* _Work to be completed_
Look through the entries below for the line with "428 Valley View Drive — photo 14" and the line with "Bán Nhà 2 tầng, Hẻm", then give again exactly those two lines and all lines between them, minus the pictures.

#### Source records ####

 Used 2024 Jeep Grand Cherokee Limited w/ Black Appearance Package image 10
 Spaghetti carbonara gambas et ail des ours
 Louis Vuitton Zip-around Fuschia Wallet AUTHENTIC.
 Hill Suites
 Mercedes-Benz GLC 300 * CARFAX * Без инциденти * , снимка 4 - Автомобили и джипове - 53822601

####
#### Source records ####

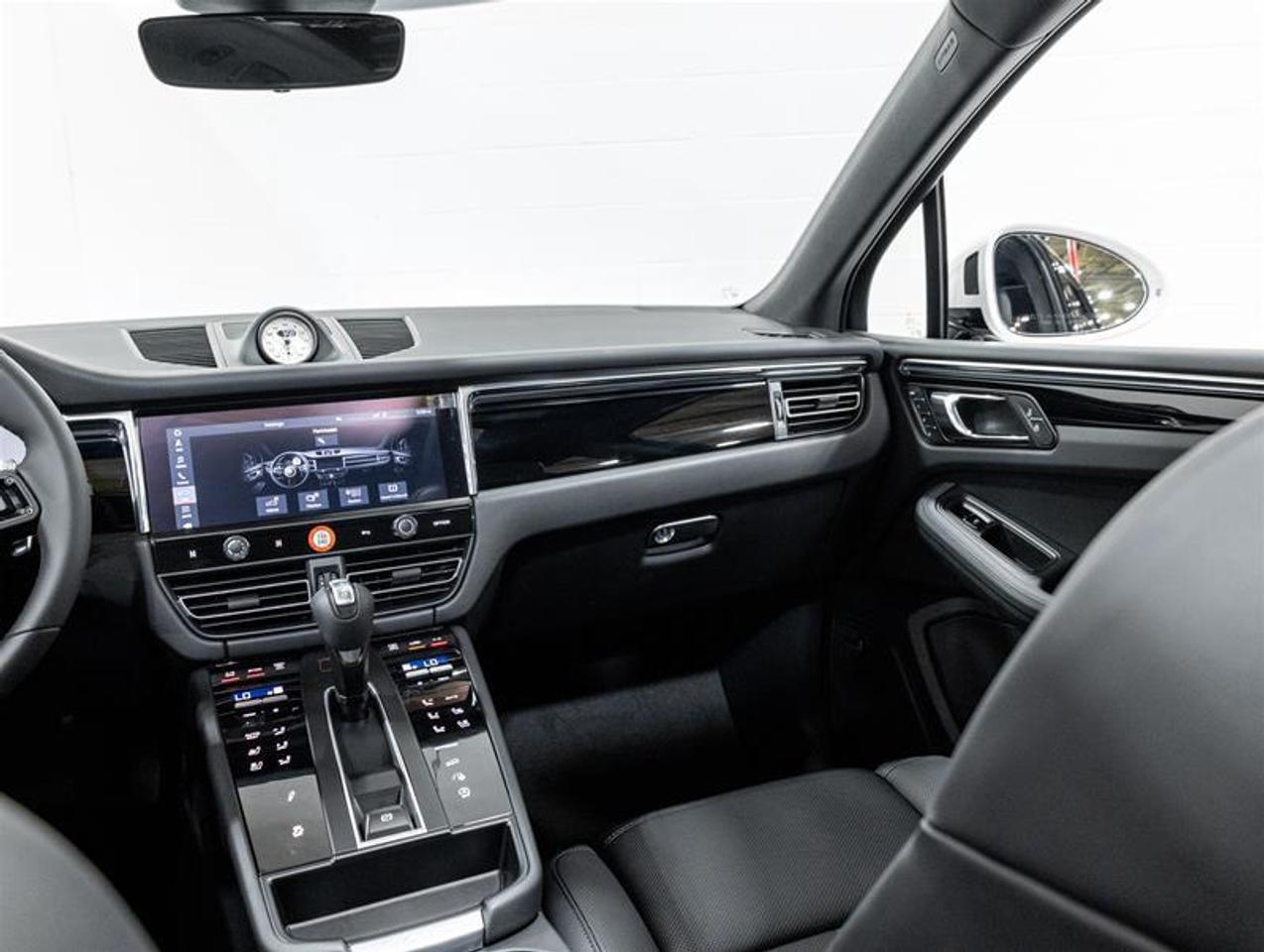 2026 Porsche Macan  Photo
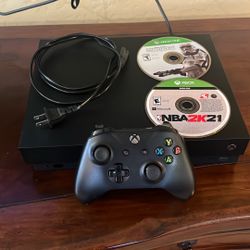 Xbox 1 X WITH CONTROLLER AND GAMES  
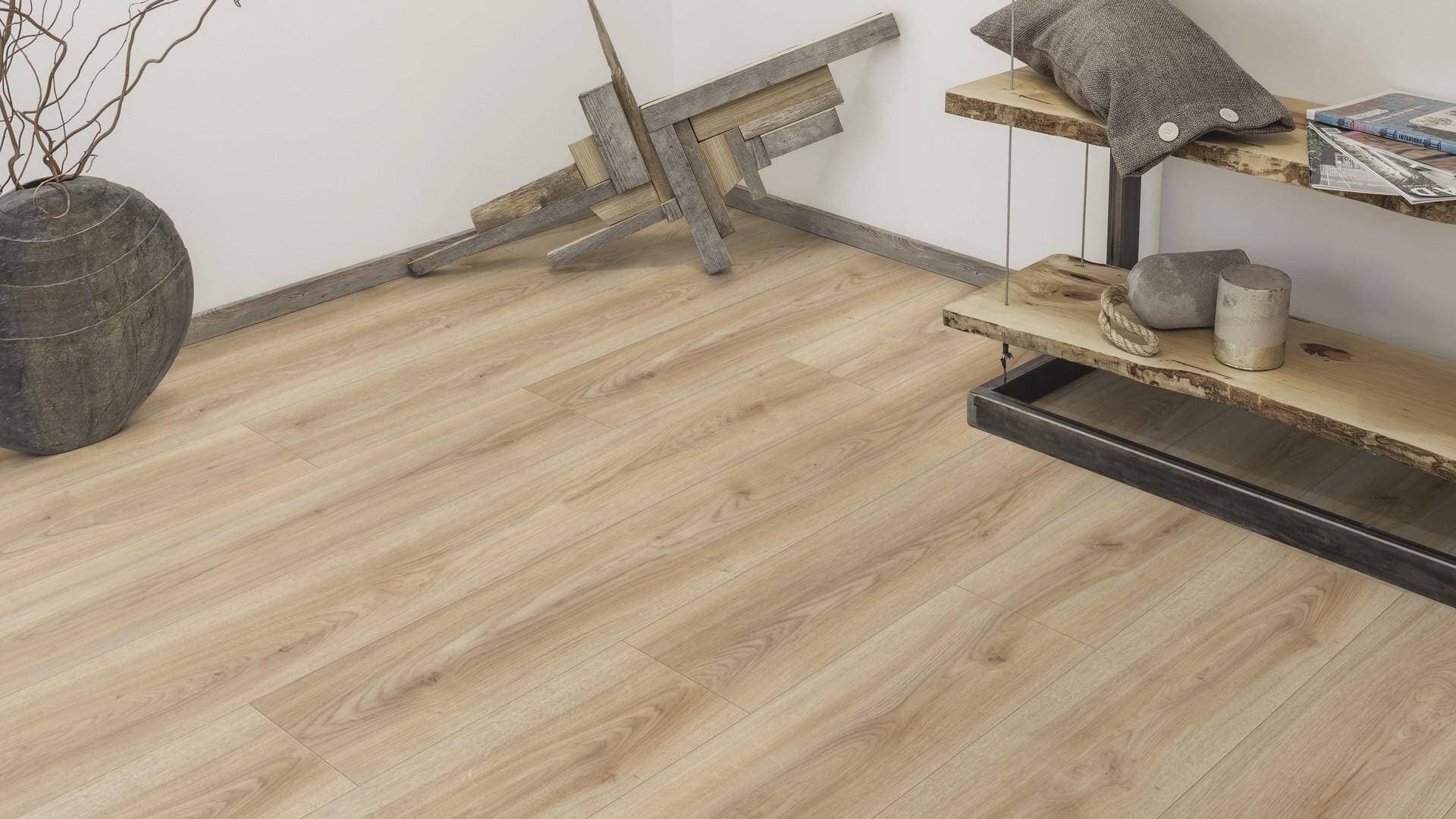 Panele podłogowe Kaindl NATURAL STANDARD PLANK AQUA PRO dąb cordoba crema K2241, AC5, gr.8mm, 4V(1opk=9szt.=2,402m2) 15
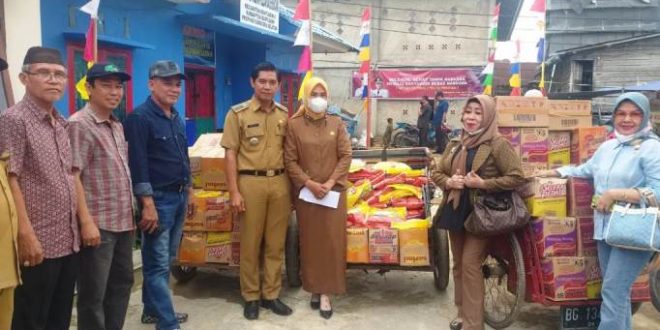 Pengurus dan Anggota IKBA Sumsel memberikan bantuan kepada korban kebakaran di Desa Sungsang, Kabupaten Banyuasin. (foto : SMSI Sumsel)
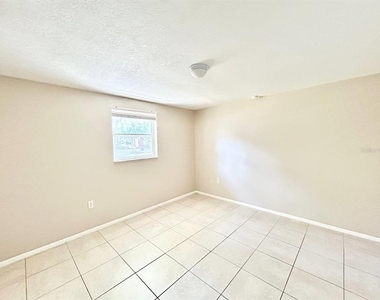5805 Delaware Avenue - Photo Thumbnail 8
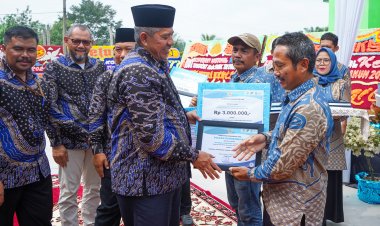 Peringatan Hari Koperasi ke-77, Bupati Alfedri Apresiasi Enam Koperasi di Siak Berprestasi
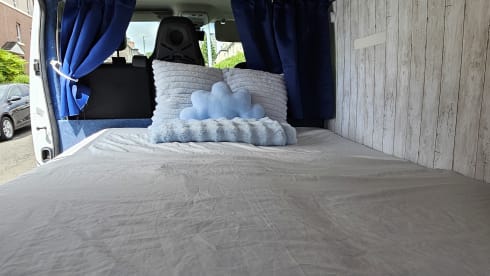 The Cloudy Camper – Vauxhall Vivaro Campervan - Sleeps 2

####
#### Source records ####

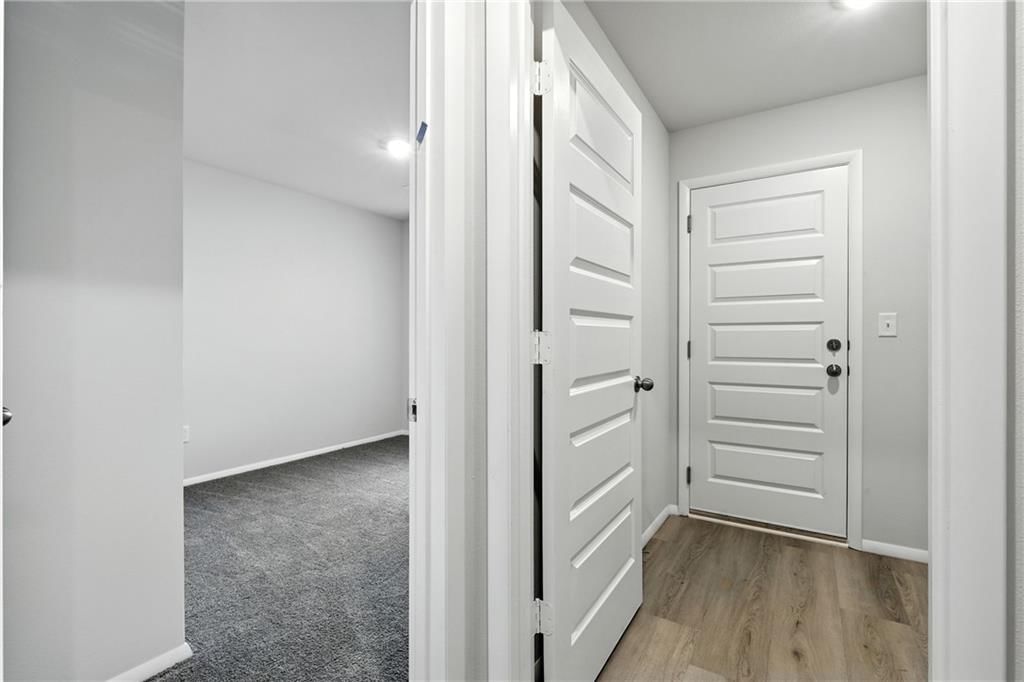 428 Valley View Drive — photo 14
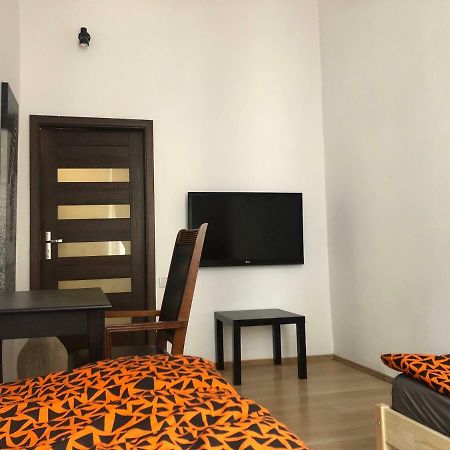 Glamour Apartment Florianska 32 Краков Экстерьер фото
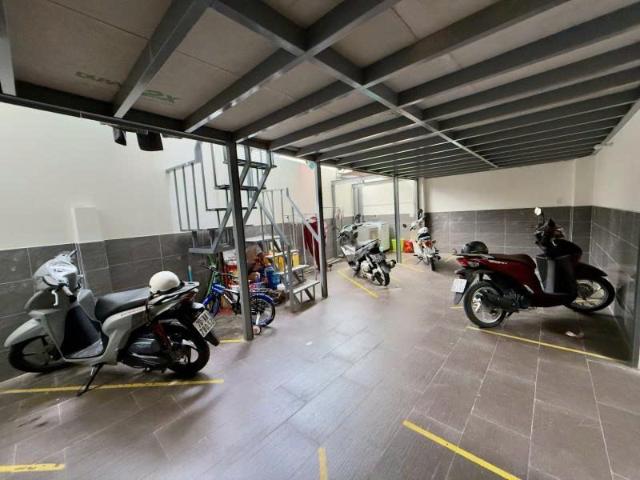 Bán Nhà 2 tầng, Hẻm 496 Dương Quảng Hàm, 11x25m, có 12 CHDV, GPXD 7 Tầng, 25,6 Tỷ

####

* _Output_
 428 Valley View Drive — photo 14
 Glamour Apartment Florianska 32 Краков Экстерьер фото
 Bán Nhà 2 tầng, Hẻm 496 Dương Quảng Hàm, 11x25m, có 12 CHDV, GPXD 7 Tầng, 25,6 Tỷ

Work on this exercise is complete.